Ambition assessment 2008
Each time a new year begins, everyone automatically thinks that they can change their life with New Year’s resolutions. These resolutions are feeble attempts to generally better one’s life by doing this or that. Usually everyone fucks up and just goes back to their hedonistic lifestyle. Here’s some popular resolutions in which you will not be finding success.
1) Quit Smoking.
So, you want to quit smoking? Why? It’s great! It gets you by day-to-day, relieves stress, and most importantly, it looks cool. Maybe you think you should quit, because it’s unattractive? Well, perhaps I can relate. One time I was totally seeing this hot chick for a week or two, but it ended abruptly due to my smoking. It wasn’t the fact that she wasn’t a smoker, or that she didn’t like it either. No, it was because the last time I slept with her, I ran out of breath. It really turned her off, and she dropped me like New Year’s resolution. It’s not that I ran out of breath everytime, either. I just had a heavy night of drinking and smoking the night before.

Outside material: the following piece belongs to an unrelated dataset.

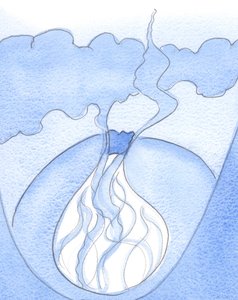 内心充满信心之火，但进步被罪恶所阻碍的人，就像一座火山，它不散发着火，但散发出刺鼻的烟雾，2002年（纸上写有w - c） 作者 伊丽莎白王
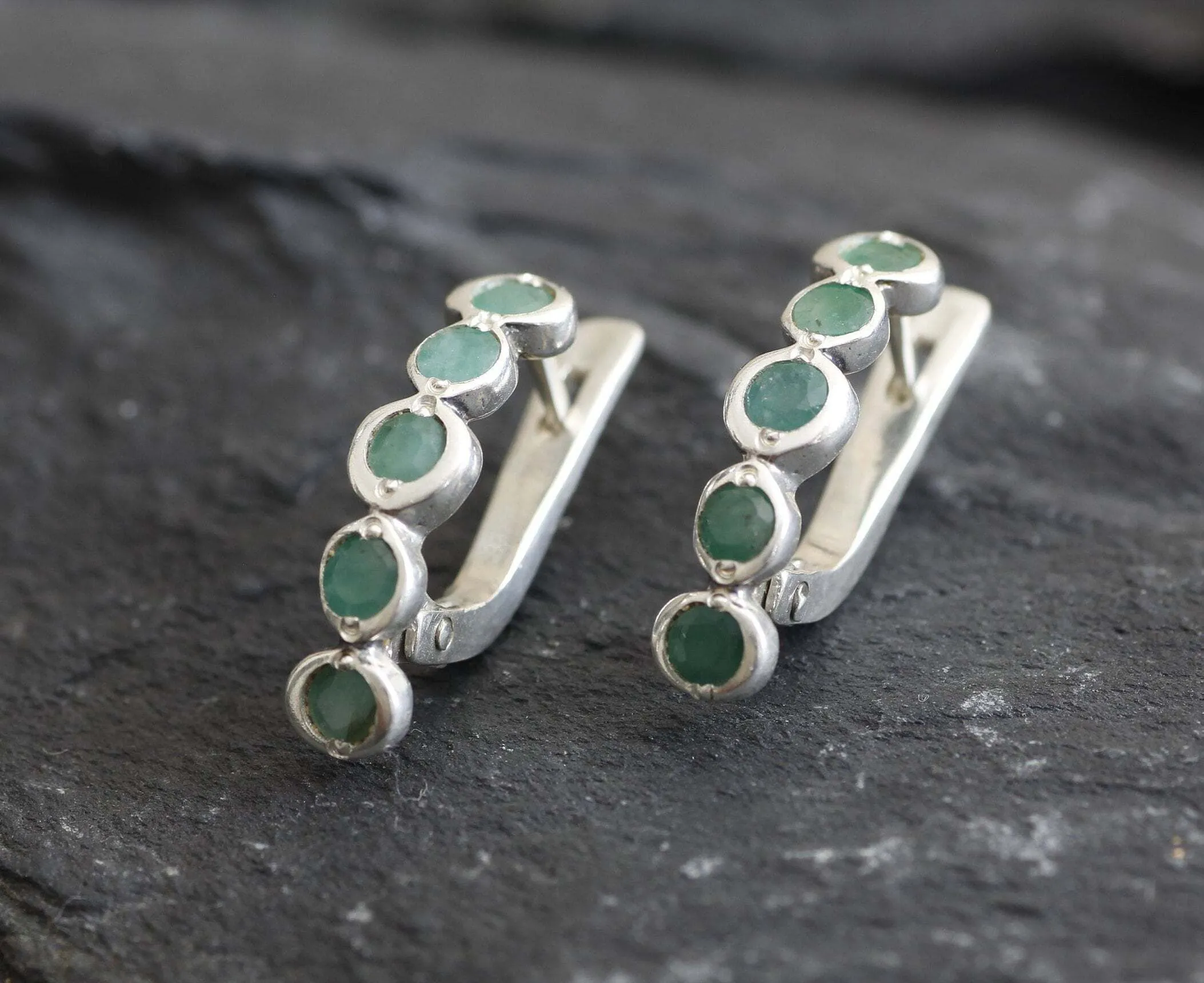 Genuine Emerald Earrings - Long Green Earrings - Green Drop Huggies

Maybe you are worried about your health. Well, I want to live forever, too! But the Mayan calender says that the world is going to end in 2012. Chances are you aren’t going to die by then. I say four more years… of smoking. If we don’t die or begin a seven years of apocolypse, then maybe quitting will be a good idea.
2) Drink Less
Well, how long have you been doing it? It is important to evaluate the severity of your problem. When you’re young it’s cute to get loaded and make bad decisions in general, right? I say drink up til you’re about 26. That gives you four years to get your shit together by the time you’re 30. And then, you can still drink on weekends! Once you get knocked up or vice versa is also a good time to slow down. If you’re 45, and don’t remember the last 15 years, then drink more this year! You probably don’t have much to live for anyway.
3) Lose Weight
So, you’re fat. Or, you aren’t fat, but you think you are. Or, you have gained a couple extra pounds. Or, you’re anorexic. Okay, do it. Whatever. Excercise makes you feel better, and makes jacking off in the mirror more appealing. Eating totally healthy, however, is bullshit. You only live life once. What do you really have to live for? Procreation and making money? That’s bullshit. Eat all the food you want when you can. It makes life worth living. I’m a firm believer in fried chicken three times a week. If you’ve got a fat problem, then excercise. Really, I can’t emphasize this enough.
4) Reduce Stress
Apparently, I’m not the only one who lives in a world that is constantly demanding things from me, and who feels like I’m being suffocated on a daily basis with no escape. Apparently, I’m not the only one who worries that if I don’t make enough money, I’m going to die poor and alone. I suggest yoga. If that doesn’t work, take a deep breath now and then. If that doesn’t work, just fucking learn to deal with it. Or, you can go bald, and have a heart attack. Those are your options.
5) Save Money
If you make enough money to be able to smoke, drink, eat what you want, have a gym membership, and still have money left over… well, by all means, I think buying a house, or saving for vacation are both important. Or, save it for a rainy day, or for when you lose your girlfriend and your job, and have to drink for two months straight. Take care of yourself, and the things that you need. Yeah, why not?
6) Pay off debt
Debt is one of the reasons you’ll never be able to save money. Did you know that the average household is ($$$ blah blah blah) in debt. That’s a lot. Maybe paying off debt sounds unreasonable when you are struggling just to pay rent. But if you think you can pay off your shit, go for it. If you can’t, but would like to, make baby steps. If you know that it’s impossible, well, fuck it. What are they going to do? Give you bad credit? You’re already broke, it’s not like you’re going to be able to ever buy anything anyway.
7) Stop being a bitch
I’m not sure this is a popular resolution, but I suggest it be added to most people’s lists.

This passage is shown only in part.